Monday, April 23, 2012

Or So It Would Seem...


Picture Taken at Taj Mahal, Agra.

You said you would understand me. I knew you would. I was afraid of being understood. I was never the one to say Sorry. I was wary of being forgiven. I was not afraid of crying. But of drying up my lake of grief very soon. What if some greater tragedy strikes? Though it is hard to imagine a greater one than the one which has already struck, but fate surprises the most cynical of us. And in strange ways. I keep inventing them in my mind. What if I am branded heartless then? But it doesn't make any difference now. I have been called heartless before. See? You hide the truth. You die slowly. You say the truth. You die instantly.

Since, you are here, probably for the last time, why don't you play that song. Yes, that one. It’s been on pause ever since you left. You just have to play it. One button and everything will come back to life. Or so it would seem to me.

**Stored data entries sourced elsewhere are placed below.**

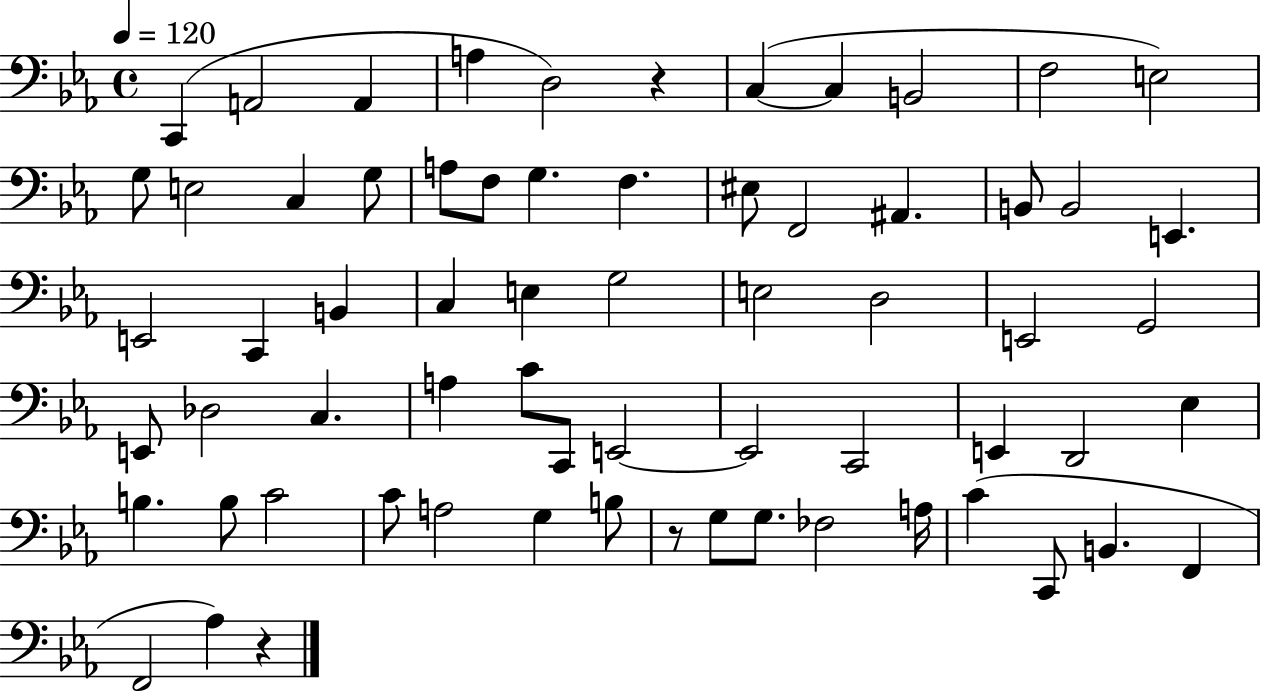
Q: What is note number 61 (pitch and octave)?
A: F2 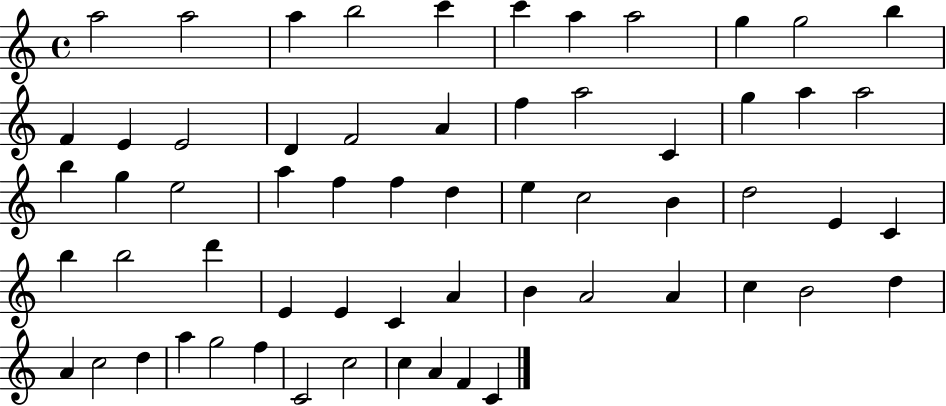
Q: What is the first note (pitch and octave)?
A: A5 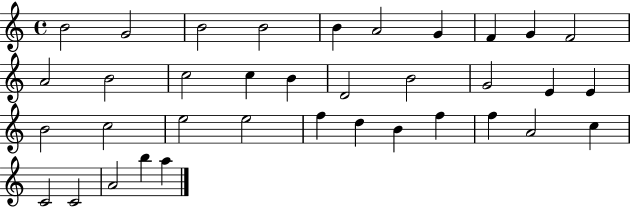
B4/h G4/h B4/h B4/h B4/q A4/h G4/q F4/q G4/q F4/h A4/h B4/h C5/h C5/q B4/q D4/h B4/h G4/h E4/q E4/q B4/h C5/h E5/h E5/h F5/q D5/q B4/q F5/q F5/q A4/h C5/q C4/h C4/h A4/h B5/q A5/q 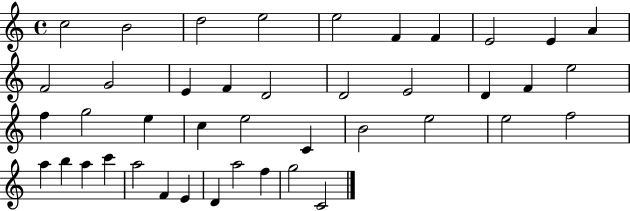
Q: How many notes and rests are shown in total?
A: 42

The mirror of your eyes which I never looked into. The hurt which I never noticed. The hurt which it gave me when I needed it most. Envelopes waiting to be filled. With the unwritten words on the unwritten letters which were never posted. I never used the word. I was afraid of being heard. You always knew my punishment before I have thought of the crime I was never going to commit.

Won't you do it for the last time? For my sake? Yes. I know. But, I am asking you to summon every courage that it would take. After all, its one last time. I promise when the song ends everything will be back to as it was. Or so it would seem to you. Because I will not be here. As I was not there before.

You were the medicine for all the illnesses I never caught. Colorful vases half filled with water waited for all the colorful flowers I never brought. You were ready with the healing touch to soothe me of the scars caused by running all day which I didn't do in search of you. I was not tired. I wasn’t afraid of loosing you. I was afraid of being found.

And while the song plays in the background, why don't you come along? For a stroll. I promise we  will always walk in the direction away from the song. For your sake. Because, I can not hear the song anyway.  Or so it would seem to the rest of the world.

P.S - You might want to visit Aakriti's page to read the wonderful words penned by her after reading this humble post. Here is the Link - http://aakritimalik.blogspot.in/2012/04/at-seams.html
                                    
Happy Reading!              
                                         - HAUSLE BULAND

26 comments:

  1. Man ...what a nice piece...and after all this you say its nothing coming from real situation. Tell us dear...who is doing all these to you. The line "I was afraid of being found" is a killer. Keep writing. Need more like this to read daily... good stuff.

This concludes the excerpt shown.